━━ Source data ━━

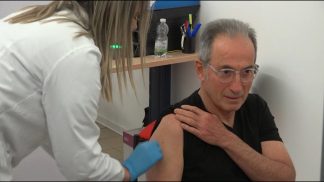 Vaccinazioni antinfluenzali alle autorità: “Protezione fortemente consigliata per alcune categorie”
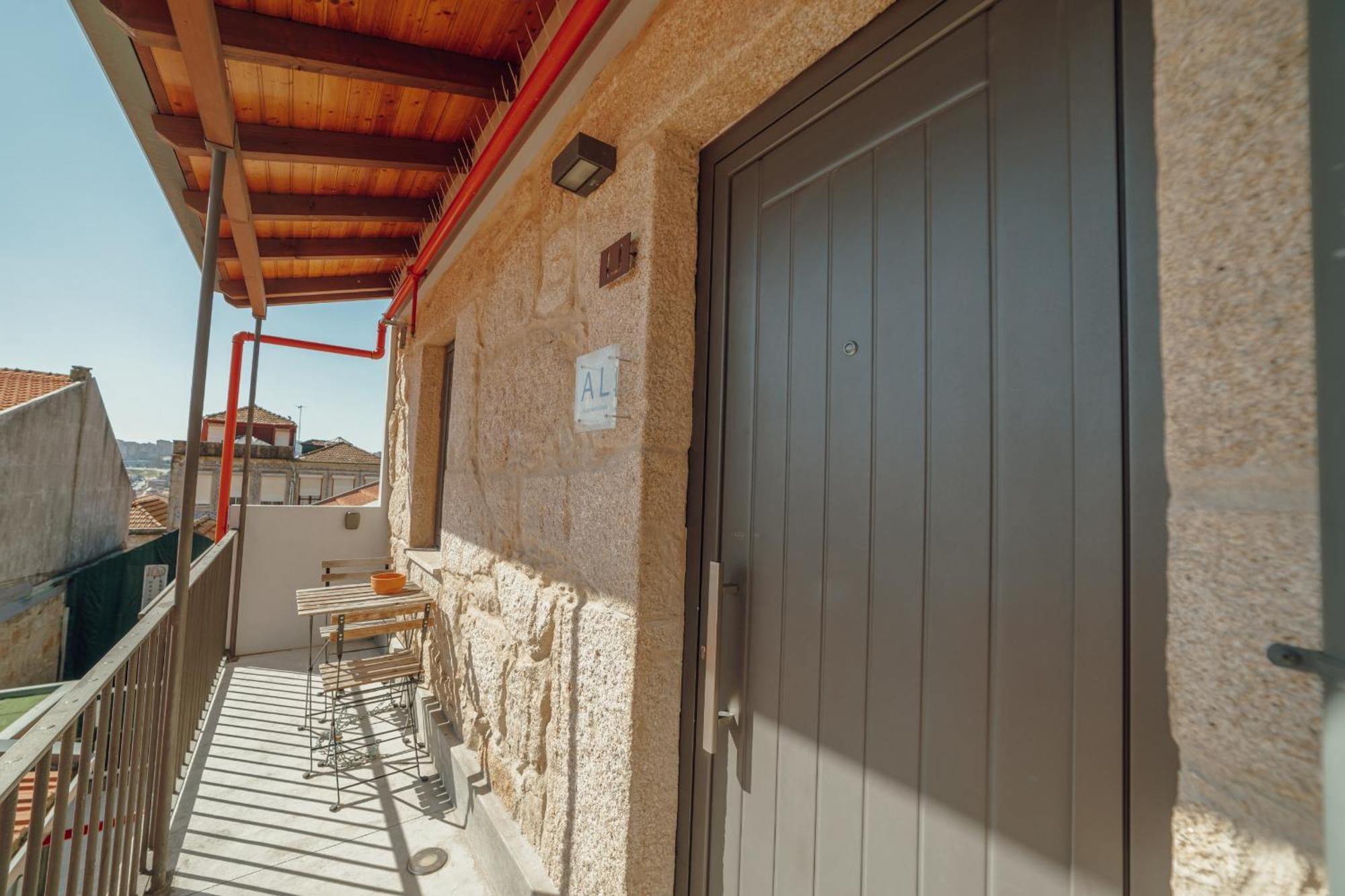 Mezzanine Stylish Apartments By Vacationy OOporto Exterior foto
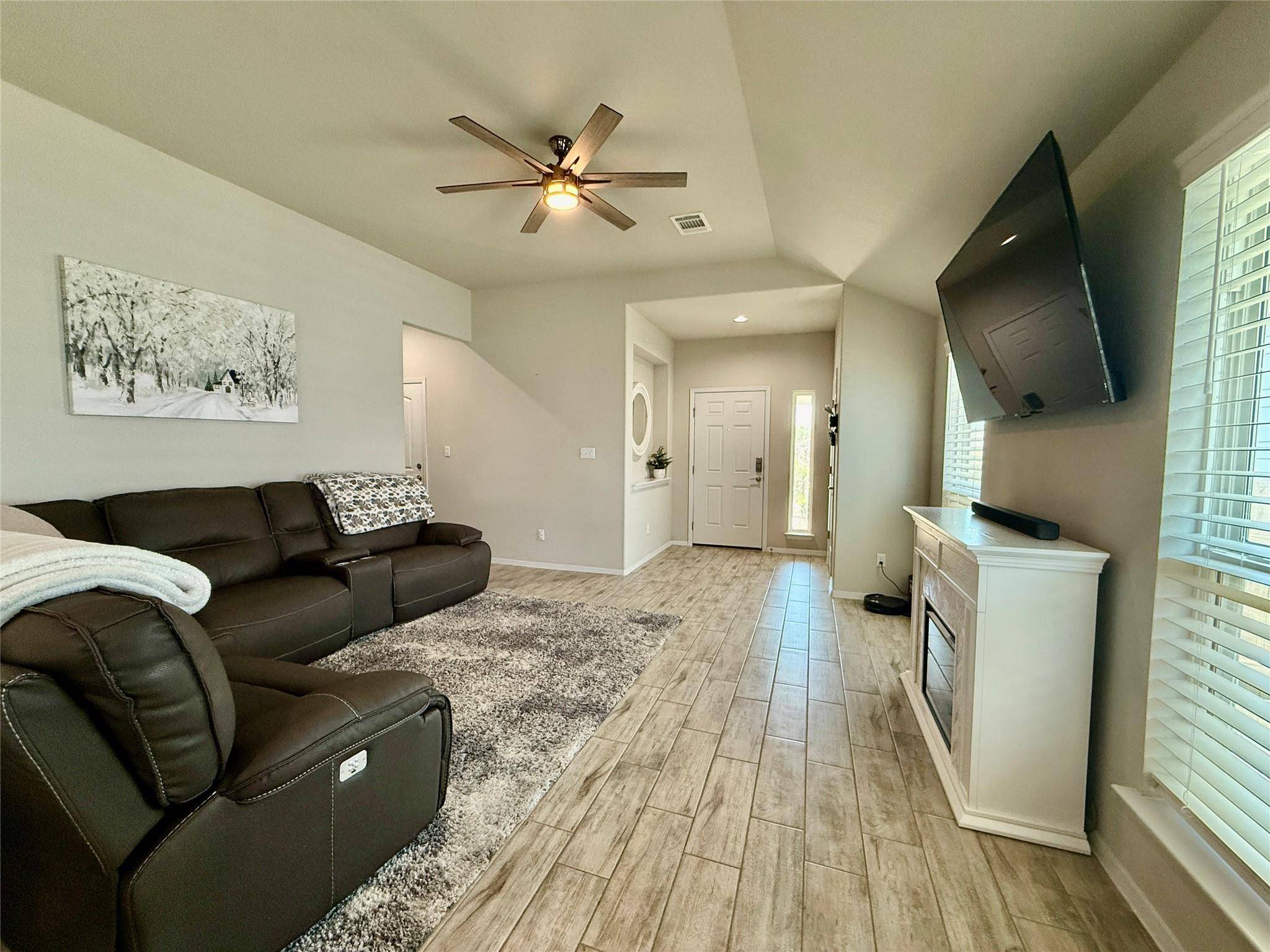 144 Riverhill DR, Georgetown, TX 78628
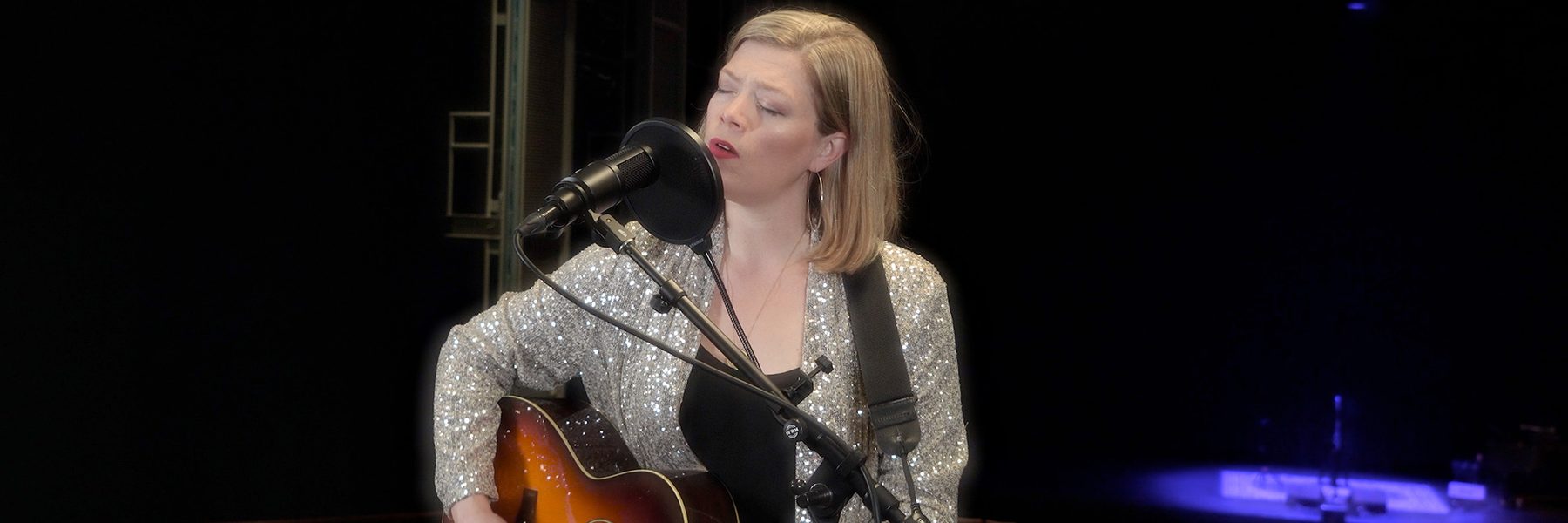 Liz Longley performs Can't Get Enough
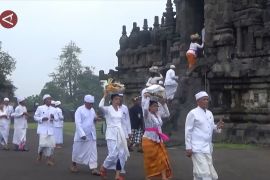 Awali perayaan Nyepi, umat Hindu gelar Mendak Tirta dan Pradaksina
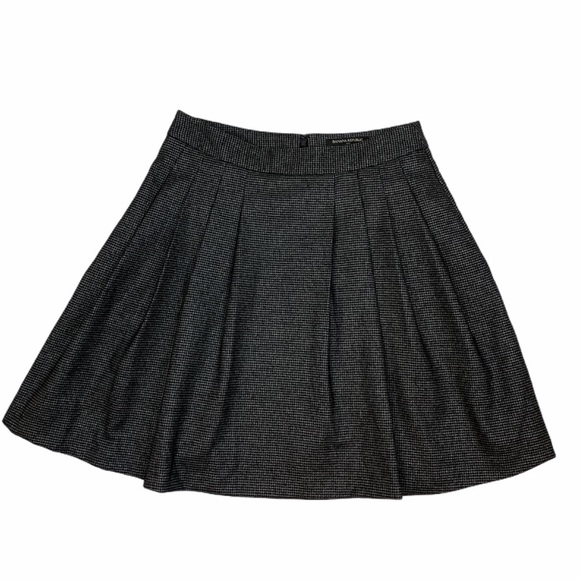 Banana Republic Dresses & Skirts - Banana Republic Factory Houndstooth A-Line Skirt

━━━

What the task requires:
The range runs from the line containing "Awali perayaan Nyepi, umat" through the end of the entries; print those lines exactly and leave the pictures out.

Exercise response:
 Awali perayaan Nyepi, umat Hindu gelar Mendak Tirta dan Pradaksina
 Banana Republic Dresses & Skirts - Banana Republic Factory Houndstooth A-Line Skirt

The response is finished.